(Beginning of INPUT DATA)
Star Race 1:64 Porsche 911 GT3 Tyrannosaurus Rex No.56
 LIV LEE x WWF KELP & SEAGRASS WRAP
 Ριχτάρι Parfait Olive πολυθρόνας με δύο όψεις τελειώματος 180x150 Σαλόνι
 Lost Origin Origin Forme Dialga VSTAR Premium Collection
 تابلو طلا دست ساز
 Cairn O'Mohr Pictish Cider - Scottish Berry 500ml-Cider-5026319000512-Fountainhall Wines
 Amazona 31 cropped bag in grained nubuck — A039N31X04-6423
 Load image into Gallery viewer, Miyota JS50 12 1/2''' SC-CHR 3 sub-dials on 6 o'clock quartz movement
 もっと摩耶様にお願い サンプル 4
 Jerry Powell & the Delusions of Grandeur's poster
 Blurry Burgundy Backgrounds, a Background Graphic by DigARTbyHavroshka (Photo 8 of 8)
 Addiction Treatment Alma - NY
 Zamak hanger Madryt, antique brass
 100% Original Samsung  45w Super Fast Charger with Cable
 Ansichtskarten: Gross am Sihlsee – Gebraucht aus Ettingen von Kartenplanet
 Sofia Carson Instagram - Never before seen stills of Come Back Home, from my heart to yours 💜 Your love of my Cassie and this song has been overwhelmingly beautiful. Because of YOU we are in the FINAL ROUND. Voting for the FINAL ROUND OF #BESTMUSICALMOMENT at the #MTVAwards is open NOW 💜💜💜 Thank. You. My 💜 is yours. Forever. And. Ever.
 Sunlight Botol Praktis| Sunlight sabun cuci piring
(End of INPUT DATA)
All lines above are to be transcribed exactly.

Star Race 1:64 Porsche 911 GT3 Tyrannosaurus Rex No.56
 LIV LEE x WWF KELP & SEAGRASS WRAP
 Ριχτάρι Parfait Olive πολυθρόνας με δύο όψεις τελειώματος 180x150 Σαλόνι
 Lost Origin Origin Forme Dialga VSTAR Premium Collection
 تابلو طلا دست ساز
 Cairn O'Mohr Pictish Cider - Scottish Berry 500ml-Cider-5026319000512-Fountainhall Wines
 Amazona 31 cropped bag in grained nubuck — A039N31X04-6423
 Load image into Gallery viewer, Miyota JS50 12 1/2''' SC-CHR 3 sub-dials on 6 o'clock quartz movement
 もっと摩耶様にお願い サンプル 4
 Jerry Powell & the Delusions of Grandeur's poster
 Blurry Burgundy Backgrounds, a Background Graphic by DigARTbyHavroshka (Photo 8 of 8)
 Addiction Treatment Alma - NY
 Zamak hanger Madryt, antique brass
 100% Original Samsung  45w Super Fast Charger with Cable
 Ansichtskarten: Gross am Sihlsee – Gebraucht aus Ettingen von Kartenplanet
 Sofia Carson Instagram - Never before seen stills of Come Back Home, from my heart to yours 💜 Your love of my Cassie and this song has been overwhelmingly beautiful. Because of YOU we are in the FINAL ROUND. Voting for the FINAL ROUND OF #BESTMUSICALMOMENT at the #MTVAwards is open NOW 💜💜💜 Thank. You. My 💜 is yours. Forever. And. Ever.
 Sunlight Botol Praktis| Sunlight sabun cuci piring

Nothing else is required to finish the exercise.